You know, I’d love to go back in time and just be clear where I am. You can’t really learn it until you’re in it. But knowing that, and your kids are still going to struggle with this on some level, even if you are perfect at this if you’ve really mastered the understanding of this, but nonetheless, the more you can really value this process that belongs to them, learning how to take where they areand move forward that they’re only in a race with themselves, right. That that’s a kind of help them see that just improving on where they were yesterday. Is because there’s nothing wrong with excellence. I mean, sometimes when people say, well, perfect, I’m like, wait a minute.
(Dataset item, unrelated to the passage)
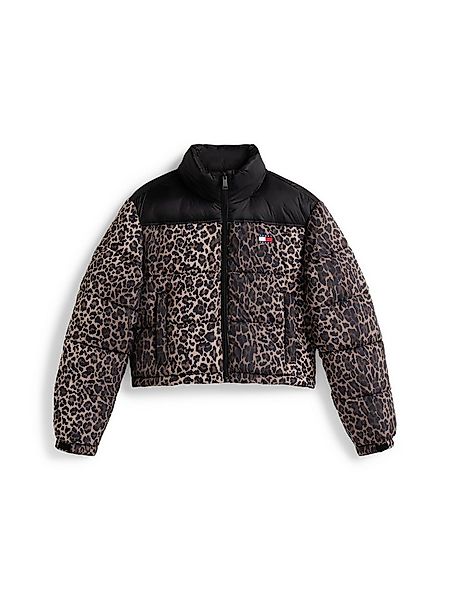 Tommy Jeans Steppjacke TJW CROPPED LEOPARD PUFFER günstig online kaufen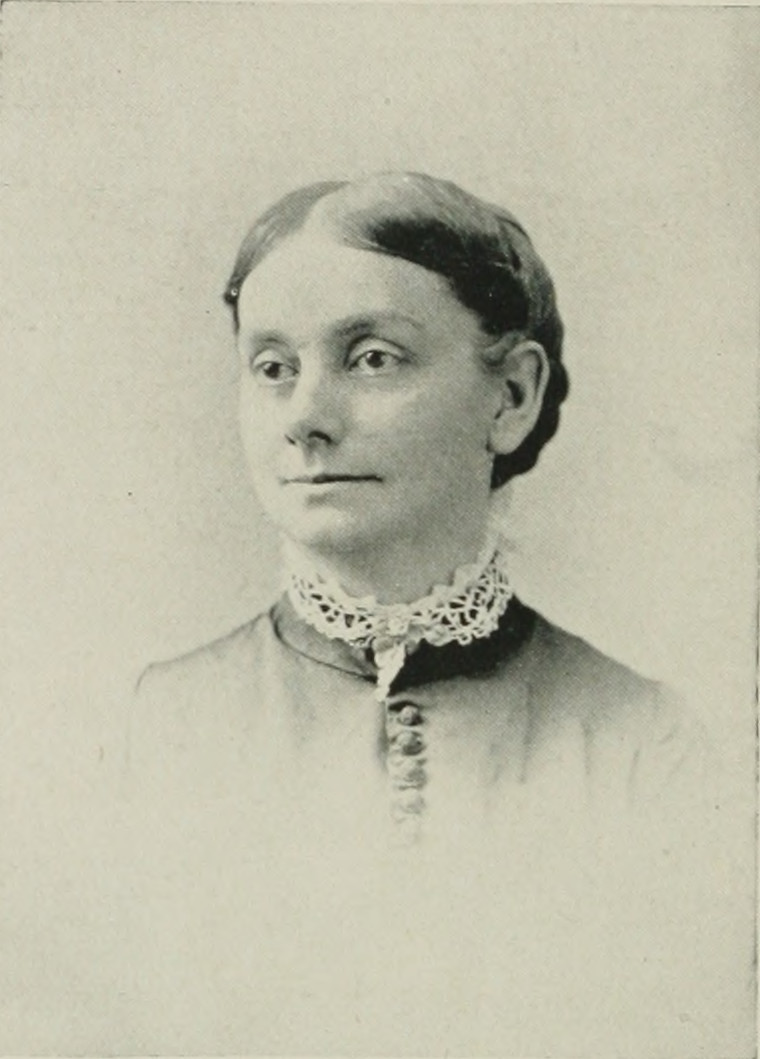Portrait of Julia McNair Wright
What’s what about excellence?
Or what about becoming good at something? Is that bad? Right? And that’s not, that’s not the issue. As you say all the time, Monica it’s about progress, not perfection. So how do I improve on where I am in valuing that? Because that’s where all the virtue is the courage to walk into the. The courage to walk towards what you don’t know, what you haven’t yet mastered.
That’s what I work really hard to value in my kids now is walking with them, understanding where they are in their own development, in their own uncertainty, in their own anxiety and valuing explicitly the challenge that they’re in and the courage that when they exhibit it and how it comes back to give them greater peace.
When they walk into the uncertainty. And allow themselves to be human in it.